Miller’s Circe spans thousands of years in the world of Ancient Greek mythology. While many of the places, such as Colchis (part of modern-day Georgia), Crete, and Rome are real, the stories as told in Circe are myths. In Circe, Miller explores questions regarding women, power, and sexual violence that have been a part of the feminist movement that has been in motion for decades. Recently, these topics have been discussed as part of the “me too” (or #MeToo) movement that gained global attention following the sexual-harassment allegations against Harvey Weinstein in 2017, although the movement had been started years before by activist Tarana Burke. Miller was already in the final stages of writing Circe when #MeToo went viral.

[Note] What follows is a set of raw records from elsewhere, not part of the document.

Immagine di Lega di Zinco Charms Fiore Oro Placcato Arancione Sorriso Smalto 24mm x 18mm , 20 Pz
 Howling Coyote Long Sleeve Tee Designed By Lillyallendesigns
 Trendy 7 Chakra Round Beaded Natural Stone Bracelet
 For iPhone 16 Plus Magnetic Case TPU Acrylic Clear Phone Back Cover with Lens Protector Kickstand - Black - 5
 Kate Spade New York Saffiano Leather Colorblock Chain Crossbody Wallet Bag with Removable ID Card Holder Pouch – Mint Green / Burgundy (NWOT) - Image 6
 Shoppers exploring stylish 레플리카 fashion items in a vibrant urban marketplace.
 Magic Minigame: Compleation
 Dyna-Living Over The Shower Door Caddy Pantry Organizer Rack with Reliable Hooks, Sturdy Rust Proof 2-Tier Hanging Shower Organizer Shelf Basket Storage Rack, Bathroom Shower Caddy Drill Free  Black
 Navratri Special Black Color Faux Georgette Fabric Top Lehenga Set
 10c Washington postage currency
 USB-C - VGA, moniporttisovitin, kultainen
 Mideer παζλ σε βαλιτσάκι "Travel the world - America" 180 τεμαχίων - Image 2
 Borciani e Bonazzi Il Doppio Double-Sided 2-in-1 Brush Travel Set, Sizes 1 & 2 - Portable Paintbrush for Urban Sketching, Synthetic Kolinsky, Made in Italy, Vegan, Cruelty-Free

Other Books Related to Circe

Miller draws from many of the plot points from ancient myths and texts, particularly Homer’s Odyssey, Ovid’s Metamorphoses, Argonautica by Apollonius of Rhodes, and Telegony, a now-lost epic believed to have been written by Eugammon. Homer’s Odyssey, which is about Odysseus’s journey home from the Trojan War, includes an encounter between him and Circe, during which she turns his men into pigs. Metamorphoses is a compilation of many myths and features the story where Circe turns Scylla into a monster. Argonautica and Telegony focus on Jason and Telegonus respectively. Circe shows up in all of these stories but is not the central character. In her novel Circe, Miller flips the script, making Circe the main character and giving Odysseus, Jason, and Telegonus cameos in the same way that she is only a secondary character in their stories. Miller’s novel The Song of Achilles is written in a similar way; in The Song of Achilles, Patroclus is the main character, although he is just a character at the margins of Homer’s Illiad. Miller is not alone in retelling the well-known myths of Ancient Greece. Many authors and poets have reexamined these stories, such has Alfred, Lord Tennyson in his poem Ulysses, Margaret Atwood in The Penelopiad, and Rick Riordan in his young adult series Percy Jackson & the Olympians. Circe’s tale specifically has been retold many times. Eudora Welty’s short story “Circe” and Margaret Atwood’s Circe/Mud Poems are two such examples that explore Circe’s side of the myths that surround her.
Key Facts about Circe
  • Full Title: Circe
  • When Written: Around 2012 to 2018
  • When Published: April 2018
  • Literary Period: Contemporary
  • Genre: Fantasy, Literary Fiction
  • Setting: Ancient Greece
  • Climax: When Circe encounters monstrous Scylla for the second time and succeeds in turning her to stone
  • Antagonist: almost every god and Titan (Helios, Zeus, and Athena to name a few), Scylla, and misogyny
  • Point of View: First person

Extra Credit for Circe

Story for the Silver Screen. Shortly after publication in 2018, Miller’s Circe became a number one New York Times Bestseller and went on to win several awards, including Goodreads Choice Award for Best Fantasy of 2018. In 2019, HBO Max announced that they will be making an eight-episode miniseries adaptation of the book.

Enchanting Etymology. In Circe, the herbs of power that Circe uses for her witchcraft are called pharmaka, and the term for someone who wields these magical powers is pharmakis, now translated to “sorcerer” and “poisoner.” These Greek words may look familiar—they are roots for the modern-day words “pharmacy” and “pharmacist.”